I looked in the mirror after washing my hands for dinner at Momo's, ran my fingers through my hair, then stopped, and looked closer. I leaned forward, lifted a hand, and gently sifted a single strand of silver out from the rest of my hair. I called Brooke to come with me into the bathroom light, and looked again, and asked, "Is that really...?"
"A gray hair? Do you have a gray hair?" she asked.

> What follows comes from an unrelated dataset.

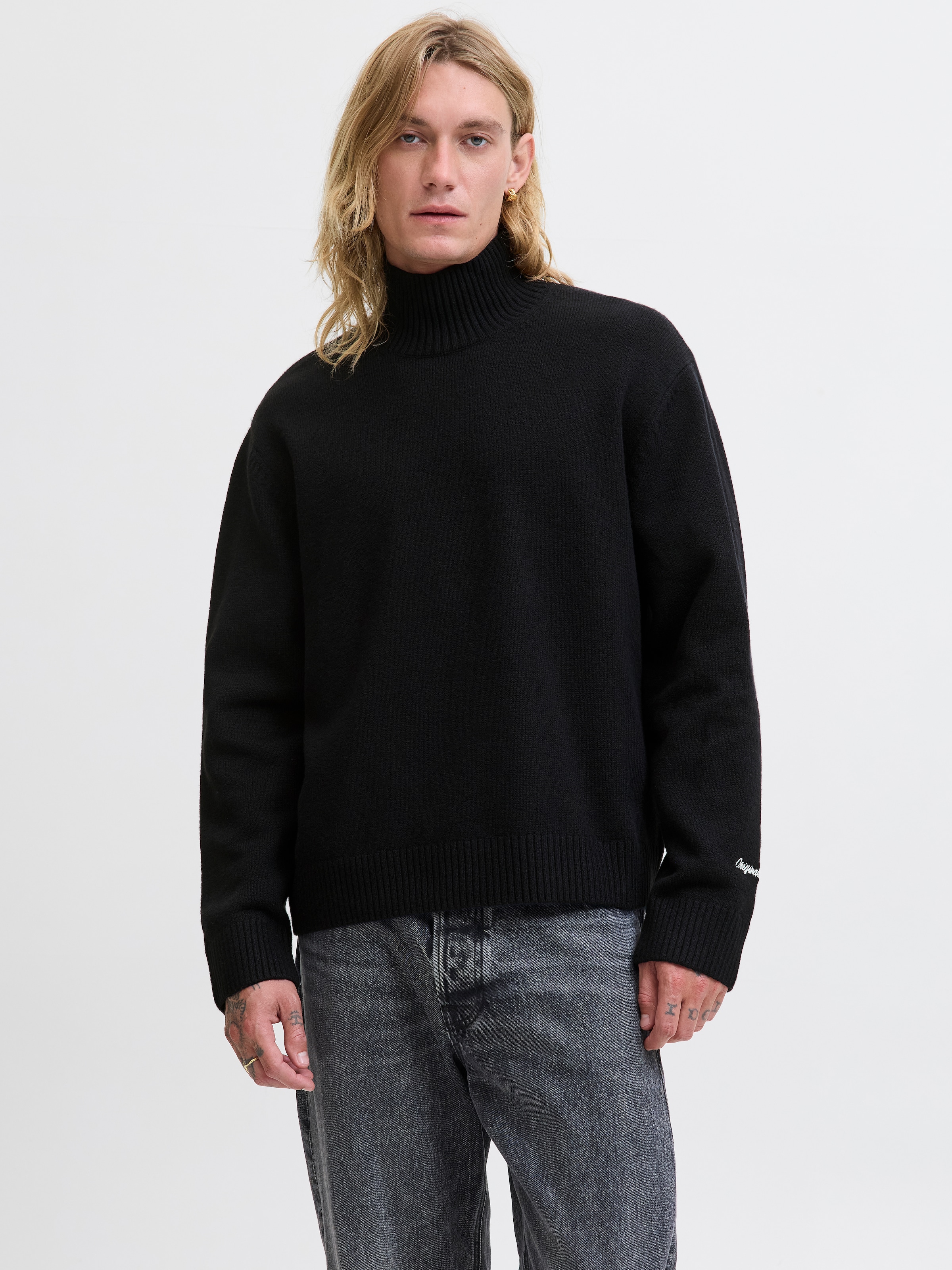 Jack & Jones Stehkragenpullover »JORNORREBRO KNIT HIGH NECK«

"I think I do!" I replied, and I laughed. I must be the first woman who noticed her first gray hair, and thought about *not* dying her hair any more. I probably will keep it up, because I do like being a red head. But honestly, I remember seeing the strands of silver at Michael's temples, and thinking how pretty they were against the dark of his hair. This one strand on my head shines against the rest and glitters in the light, and for all it might mean in terms of my surrendered youth and the inexorable march of time, it is beautiful to me, and precious in a way I don't really understand.
I laughed, and rushed out to tell my mother, and they probably all think I'm insane. How can I explain to anyone who clings to their own youth as a golden age that my twenties have been the hardest time of my life, and I can only hope to rise out of them into the rest of my life like a phoenix. I know in my soul that I have the strength and grace for this. That in fact this is what I do every day that I get up and greet the world with an open heart full of faith and hope and love. This is what I intend to do all my life, and I hope that life is a long one. Long enough for every hair on my head to turn.
So bring it on, gray hair! I'm ready!
3 comments:
mum calls then "sparklies"
Congrats on your first gray hair. I usually pull them all out about once every couple weeks or so. However, I wonder if you pull one out, how many grow in their place? ;)
What a poetic and gentle embrace of aging, Laura! I love reading your blog. Sometimes I forget that you were ever an engineer!!